Sekretaris Nasional FMKI Veronica Wiwiek Sulistyo menambahkan, tahun 2018, pembangunan infrastrukur gencar dilakukan di seluruh wilayah Indonesia. Terlebih di akhir tahun ini, bangsa Indonesia mendapatkan dua kado yaitu berupa dibukanya tol Trans Jawa dan keberhasilan mengambil alih PT Freeport Indonesia dari tangan perusahaan asing.
"Hal ini harus kita apreasiasi namun tidak kalah penting juga harus dilakukan pembangunan sumber daya manusia (SDM) melalui pendidikan yang seimbang dan berkesinambungan," kata Veronica.
Ia menjelaskan, pendidikan memang tidak hanya dititikberatkan pada meningkatkan keahlian teknis teknologi dan penguasaan ilmu pengetahuan saja, melainkan juga pendidikan harus mampu membentuk karakter peserta didik dengan kesadaran sebagai warga negara Indonesia yang berdasarkan pada Pancasila di tengah-tengah masyarakat bangsa yang berbineka.
Berbagai peristiwa dan bencana kemanusiaan telah terjadi di 2018. "Peristiwa gempa bumi dan tsunami yang terjadi di Lombok (NTB), Palu (Sulteng), serta Banten dan Lampung hendaknya dimaknai sebagai sapaan kasih Sang Pencipta agar kita bisa melakukan instrospeksi diri," kata Veronica.

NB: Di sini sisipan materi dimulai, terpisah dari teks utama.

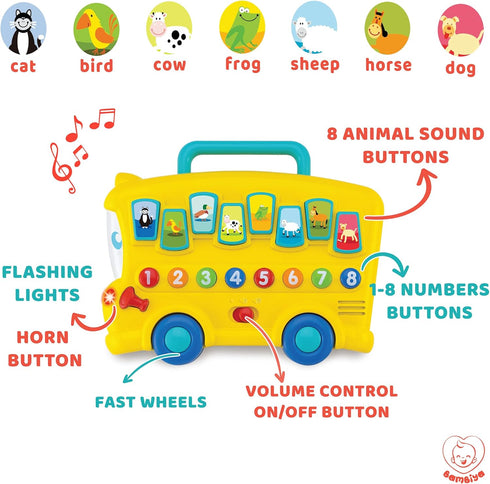 Animal Sounds Bus for Babies 6 Months+ with Lights, Music, Numbers, Volume Control, Educational Musical Toy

Ia mengajak masyarakat Indonesia menundukkan diri sejenak dalam kelemahan sebagai manusia. "Melalui peristiwa ini, hendaknya kita sebagai anak bangsa semakin memperkuat empati dan solidaritas kemanusiaan," kata Veronica.
Solidaritas anak bangsa yang dibangun dengan menghilangkan segala bentuk sekat kepentingan golongan, politik, etnis dan agama. Ia menegaskan, Indonesia adalah rumah kita bersama. "Oleh karena itu, menjadi bagian kita masing-masing untuk menjaganya dari kerusakan-kerusakan akibat egoisme kita sendiri," tutur Veronica.
Ia mengajak masyarakat untuk berefleksi, berbagai peristiwa yang telah terjadi pada bangsa ini selama satu tahun terakhir, hendaknya menjadi kekuatan sekaligus bahan pembelajaran yang baik untuk kita melangkah ke depan.
Setiap langkah yang dilakukan adalah torehan sejarah perjalanan bangsa ini. "Tahun 2019 haruslah menjadi tahun penuh harapan karena masa depan hanya bisa diretas dengan harapan dan optimisme," kata Veronica.